WI: The fates of the Visigoths and Byzantines were reversed?

What if the Visigothic Empire and Byzantine Empire had reversed fates from the 700s on?

The Visigoths repel the Umayyad invasion, surviving for centuries, sometimes expanding and sometimes declining until an ultimate fall. Afterward an Ottoman-like empire (but Berber) takes over and rules al-Andalus.

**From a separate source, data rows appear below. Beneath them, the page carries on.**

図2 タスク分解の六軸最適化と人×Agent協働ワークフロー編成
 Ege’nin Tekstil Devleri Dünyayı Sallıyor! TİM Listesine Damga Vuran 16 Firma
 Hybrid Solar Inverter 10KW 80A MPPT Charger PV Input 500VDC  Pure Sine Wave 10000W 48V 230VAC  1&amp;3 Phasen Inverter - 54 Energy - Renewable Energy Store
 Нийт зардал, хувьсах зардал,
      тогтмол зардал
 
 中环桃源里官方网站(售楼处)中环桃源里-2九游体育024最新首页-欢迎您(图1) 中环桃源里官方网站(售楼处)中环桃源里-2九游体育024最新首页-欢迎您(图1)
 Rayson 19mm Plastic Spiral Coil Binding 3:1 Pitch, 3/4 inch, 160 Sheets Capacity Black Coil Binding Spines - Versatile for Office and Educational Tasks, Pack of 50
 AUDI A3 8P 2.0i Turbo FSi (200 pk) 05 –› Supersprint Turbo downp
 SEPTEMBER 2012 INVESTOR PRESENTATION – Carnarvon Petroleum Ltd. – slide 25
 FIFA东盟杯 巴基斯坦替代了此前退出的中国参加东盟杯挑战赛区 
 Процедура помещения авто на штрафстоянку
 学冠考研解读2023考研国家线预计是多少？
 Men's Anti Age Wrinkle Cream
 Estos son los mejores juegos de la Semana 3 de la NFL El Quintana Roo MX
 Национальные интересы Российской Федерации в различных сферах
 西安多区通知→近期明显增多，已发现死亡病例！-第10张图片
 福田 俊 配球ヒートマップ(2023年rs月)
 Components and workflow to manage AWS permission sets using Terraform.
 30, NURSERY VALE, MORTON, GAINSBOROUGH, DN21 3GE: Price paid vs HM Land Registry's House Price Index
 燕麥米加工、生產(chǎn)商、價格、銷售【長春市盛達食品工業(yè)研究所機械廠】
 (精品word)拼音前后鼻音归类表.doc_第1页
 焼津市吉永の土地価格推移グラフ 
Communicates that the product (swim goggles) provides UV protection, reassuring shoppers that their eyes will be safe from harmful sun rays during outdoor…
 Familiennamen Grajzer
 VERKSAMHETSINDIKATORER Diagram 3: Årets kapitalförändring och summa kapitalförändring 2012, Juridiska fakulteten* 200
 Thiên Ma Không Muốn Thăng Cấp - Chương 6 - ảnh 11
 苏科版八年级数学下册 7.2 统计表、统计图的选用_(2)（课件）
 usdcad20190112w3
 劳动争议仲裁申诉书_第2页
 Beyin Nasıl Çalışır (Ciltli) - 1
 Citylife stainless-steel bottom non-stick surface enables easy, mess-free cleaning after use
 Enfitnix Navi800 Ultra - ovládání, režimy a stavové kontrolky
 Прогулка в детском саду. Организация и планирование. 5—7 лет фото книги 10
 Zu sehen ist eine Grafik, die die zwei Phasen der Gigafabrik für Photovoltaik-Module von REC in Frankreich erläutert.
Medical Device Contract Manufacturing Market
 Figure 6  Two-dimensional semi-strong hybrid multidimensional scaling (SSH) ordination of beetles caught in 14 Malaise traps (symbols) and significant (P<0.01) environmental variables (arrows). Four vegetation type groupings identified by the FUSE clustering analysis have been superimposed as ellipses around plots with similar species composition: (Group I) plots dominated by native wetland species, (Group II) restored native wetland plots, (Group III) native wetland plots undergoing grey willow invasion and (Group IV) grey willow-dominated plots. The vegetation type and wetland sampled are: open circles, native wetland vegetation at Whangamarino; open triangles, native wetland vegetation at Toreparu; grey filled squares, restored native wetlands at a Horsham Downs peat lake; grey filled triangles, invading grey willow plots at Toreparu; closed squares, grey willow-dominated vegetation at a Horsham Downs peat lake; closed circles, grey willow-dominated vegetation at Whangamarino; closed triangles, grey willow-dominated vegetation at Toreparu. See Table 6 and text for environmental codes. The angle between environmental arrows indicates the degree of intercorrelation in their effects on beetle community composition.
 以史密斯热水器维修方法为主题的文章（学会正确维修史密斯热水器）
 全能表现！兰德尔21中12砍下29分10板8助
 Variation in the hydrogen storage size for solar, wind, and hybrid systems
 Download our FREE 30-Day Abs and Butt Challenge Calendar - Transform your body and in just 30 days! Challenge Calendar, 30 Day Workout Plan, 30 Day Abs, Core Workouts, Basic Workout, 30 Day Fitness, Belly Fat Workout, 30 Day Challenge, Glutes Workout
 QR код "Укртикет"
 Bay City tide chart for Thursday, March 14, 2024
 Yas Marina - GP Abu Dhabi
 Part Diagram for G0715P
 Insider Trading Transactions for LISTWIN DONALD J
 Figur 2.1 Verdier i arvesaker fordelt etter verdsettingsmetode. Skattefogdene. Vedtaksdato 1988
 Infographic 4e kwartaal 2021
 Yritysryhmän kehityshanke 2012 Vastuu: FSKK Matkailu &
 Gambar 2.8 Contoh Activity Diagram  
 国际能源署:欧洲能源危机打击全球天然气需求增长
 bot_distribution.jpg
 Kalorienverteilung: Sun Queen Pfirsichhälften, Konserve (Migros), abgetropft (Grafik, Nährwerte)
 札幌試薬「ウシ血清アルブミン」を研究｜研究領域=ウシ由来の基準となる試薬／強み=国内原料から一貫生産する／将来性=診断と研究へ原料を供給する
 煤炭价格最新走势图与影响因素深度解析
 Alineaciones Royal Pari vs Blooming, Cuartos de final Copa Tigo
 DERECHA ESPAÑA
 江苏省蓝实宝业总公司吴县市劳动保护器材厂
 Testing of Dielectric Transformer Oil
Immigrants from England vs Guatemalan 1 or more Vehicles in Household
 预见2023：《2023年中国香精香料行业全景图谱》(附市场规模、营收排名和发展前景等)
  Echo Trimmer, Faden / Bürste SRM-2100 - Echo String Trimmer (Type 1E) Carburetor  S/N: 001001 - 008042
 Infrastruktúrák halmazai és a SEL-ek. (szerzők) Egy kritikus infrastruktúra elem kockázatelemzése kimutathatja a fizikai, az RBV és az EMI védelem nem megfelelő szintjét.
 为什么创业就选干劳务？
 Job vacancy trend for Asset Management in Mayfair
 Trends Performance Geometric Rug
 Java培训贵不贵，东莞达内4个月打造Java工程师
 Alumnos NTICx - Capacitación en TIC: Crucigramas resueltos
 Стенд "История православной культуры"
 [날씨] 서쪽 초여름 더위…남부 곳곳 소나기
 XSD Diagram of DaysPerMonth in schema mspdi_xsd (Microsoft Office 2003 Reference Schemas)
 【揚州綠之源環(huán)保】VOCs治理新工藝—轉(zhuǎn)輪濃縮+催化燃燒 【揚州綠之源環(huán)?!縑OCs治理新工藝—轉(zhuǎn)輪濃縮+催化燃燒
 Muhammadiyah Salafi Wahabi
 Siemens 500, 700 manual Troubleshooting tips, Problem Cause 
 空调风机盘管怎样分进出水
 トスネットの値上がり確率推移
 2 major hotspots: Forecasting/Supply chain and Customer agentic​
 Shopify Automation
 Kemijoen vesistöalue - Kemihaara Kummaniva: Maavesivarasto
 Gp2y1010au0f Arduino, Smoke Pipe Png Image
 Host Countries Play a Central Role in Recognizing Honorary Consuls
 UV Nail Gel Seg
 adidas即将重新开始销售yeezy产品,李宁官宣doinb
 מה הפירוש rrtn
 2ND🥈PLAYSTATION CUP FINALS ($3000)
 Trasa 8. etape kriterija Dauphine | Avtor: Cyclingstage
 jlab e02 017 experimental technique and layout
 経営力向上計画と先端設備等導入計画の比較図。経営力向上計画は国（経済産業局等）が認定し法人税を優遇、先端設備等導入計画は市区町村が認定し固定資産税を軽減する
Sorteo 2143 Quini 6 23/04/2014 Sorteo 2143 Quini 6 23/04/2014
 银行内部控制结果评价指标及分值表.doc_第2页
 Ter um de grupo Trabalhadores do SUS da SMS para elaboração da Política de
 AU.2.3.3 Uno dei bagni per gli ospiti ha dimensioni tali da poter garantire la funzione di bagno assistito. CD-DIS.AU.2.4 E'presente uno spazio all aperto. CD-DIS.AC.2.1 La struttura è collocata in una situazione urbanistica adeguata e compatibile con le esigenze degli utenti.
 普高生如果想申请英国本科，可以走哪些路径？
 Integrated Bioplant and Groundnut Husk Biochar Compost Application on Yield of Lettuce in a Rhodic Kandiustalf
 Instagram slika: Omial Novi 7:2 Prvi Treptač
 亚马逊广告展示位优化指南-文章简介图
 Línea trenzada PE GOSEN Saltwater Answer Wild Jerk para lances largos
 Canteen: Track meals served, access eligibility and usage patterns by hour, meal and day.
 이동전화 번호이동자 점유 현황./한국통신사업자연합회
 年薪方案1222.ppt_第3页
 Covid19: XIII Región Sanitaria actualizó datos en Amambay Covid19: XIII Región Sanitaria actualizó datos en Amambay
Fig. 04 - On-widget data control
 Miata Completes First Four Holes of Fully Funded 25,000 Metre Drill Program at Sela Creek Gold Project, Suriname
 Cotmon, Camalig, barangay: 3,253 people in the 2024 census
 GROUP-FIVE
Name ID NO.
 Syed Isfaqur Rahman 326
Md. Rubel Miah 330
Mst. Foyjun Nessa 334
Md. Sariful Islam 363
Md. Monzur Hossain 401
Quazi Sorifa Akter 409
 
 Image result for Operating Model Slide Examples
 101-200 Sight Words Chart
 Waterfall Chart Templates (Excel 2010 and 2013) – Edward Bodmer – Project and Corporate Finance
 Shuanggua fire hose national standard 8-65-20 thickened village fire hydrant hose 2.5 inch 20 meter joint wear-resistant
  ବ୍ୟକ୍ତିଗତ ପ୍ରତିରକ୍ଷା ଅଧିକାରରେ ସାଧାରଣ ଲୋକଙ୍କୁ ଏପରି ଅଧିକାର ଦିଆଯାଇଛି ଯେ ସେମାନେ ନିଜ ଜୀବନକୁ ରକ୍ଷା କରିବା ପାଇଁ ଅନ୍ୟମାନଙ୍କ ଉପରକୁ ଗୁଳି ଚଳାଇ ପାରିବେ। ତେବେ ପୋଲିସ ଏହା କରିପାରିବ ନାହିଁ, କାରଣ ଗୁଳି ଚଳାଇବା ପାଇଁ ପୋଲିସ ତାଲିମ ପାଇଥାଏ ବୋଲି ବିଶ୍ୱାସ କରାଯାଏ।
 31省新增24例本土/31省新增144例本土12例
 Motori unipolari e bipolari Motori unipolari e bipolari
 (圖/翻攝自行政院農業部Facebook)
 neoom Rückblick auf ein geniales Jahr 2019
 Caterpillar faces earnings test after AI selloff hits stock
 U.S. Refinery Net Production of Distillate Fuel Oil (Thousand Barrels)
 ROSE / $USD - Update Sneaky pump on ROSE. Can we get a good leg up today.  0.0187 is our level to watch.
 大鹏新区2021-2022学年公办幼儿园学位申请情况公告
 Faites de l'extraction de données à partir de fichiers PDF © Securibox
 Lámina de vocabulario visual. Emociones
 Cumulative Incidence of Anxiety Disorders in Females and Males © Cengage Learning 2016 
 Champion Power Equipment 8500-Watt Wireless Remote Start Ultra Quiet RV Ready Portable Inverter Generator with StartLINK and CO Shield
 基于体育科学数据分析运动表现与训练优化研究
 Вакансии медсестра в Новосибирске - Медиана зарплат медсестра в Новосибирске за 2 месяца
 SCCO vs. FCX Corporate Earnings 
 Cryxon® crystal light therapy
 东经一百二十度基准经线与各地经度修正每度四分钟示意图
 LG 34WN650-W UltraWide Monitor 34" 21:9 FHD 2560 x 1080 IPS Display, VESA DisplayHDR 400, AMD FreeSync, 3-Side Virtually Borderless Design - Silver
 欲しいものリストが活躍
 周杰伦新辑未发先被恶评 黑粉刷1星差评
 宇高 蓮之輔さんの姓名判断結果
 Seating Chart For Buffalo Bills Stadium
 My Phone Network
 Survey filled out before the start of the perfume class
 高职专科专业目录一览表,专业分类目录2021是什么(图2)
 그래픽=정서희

On the other hand, the Byzantines are taken out in one war by the Umayyads, but successor states in the mountains of Greece launch a Reconquista of Greece, Thrace, and Anatolia. This takes centuries, but ultimately leads to several stable kingdoms. These kingdoms unite into a "Spain" (Thrace and Anatolia) and a "Portugal" (Greece).
 
It's a scenario I've thought about.

My vague idea was a fall of Constantinople in the 670s, followed by an Arab conquest that takes in Thrace and the approximate territory of modern Greece, but fails to penetrate much further due to internal issues in the Caliphate. The conquest of Africa fails to penetrate any further than Tripolitania. The old African Exarchate slowly evolves into an independent Christian state that manages to fend off the Berbers, take in the remaining imperial possessions in the Western Mediterranean, including Sicily and southern Italy. All trade from the Islamic world into the old WRE now must flow through Carthage, and the city flourishes, even mounting expansionary phases of conquest that see the Arab emirs of Crete and Cyrene vassalised, and raids even into Egypt.

Meanwhile, the northern and western Balkans become a war-zone, as generations of Arab commanders lead their troops west out of Constantinople to do battle with the heathen Slavs and Bulgars. In an unexpected coup, Christian Frankish merchants manage in the middle of the eighth century to achieve dominance over the Slavs in what is now Serbia, and form a kingdom that claims continuity with the old Eastern Roman Empire, helped by the still surviving Balkan romance communities along the Danube. This alt-Serbia manages to achieve a period of temporary dominance over nearby Bulgaria too, forcing the Bulgars to convert to Christianity and, bit by bit, the Arabs are dislodged from the Balkans, a process helped by the conflict between Arabs and Islamised Greeks in the region.

While this is ongoing, Islamic Egypt achieves a degree of success in conquering and converting the Sudan, but is itself overcome by Islamised Sub-Saharan Africans, who first take over Egypt, and then break the army of the African Exarch, swiftly overruning much of the kingdom besides Carthage itself and a few coastal holdouts. They eventually come to overrun the Visgothic Kingdom of Spain too in allegiance with the Berbers. The result is a great southern Mediterranean Sudanese Caliphate, stretching from the Pyrenees to the Nile. By the sixteenth century, its greatest rival is the restored Christian kingdom of the Balkans and Anatolia, which has, in allegiance with the Armenians, forced its way down through Mesopotamia to gain access to the Persian Gulf and has established great naval power and wealth via Indian Ocean trade.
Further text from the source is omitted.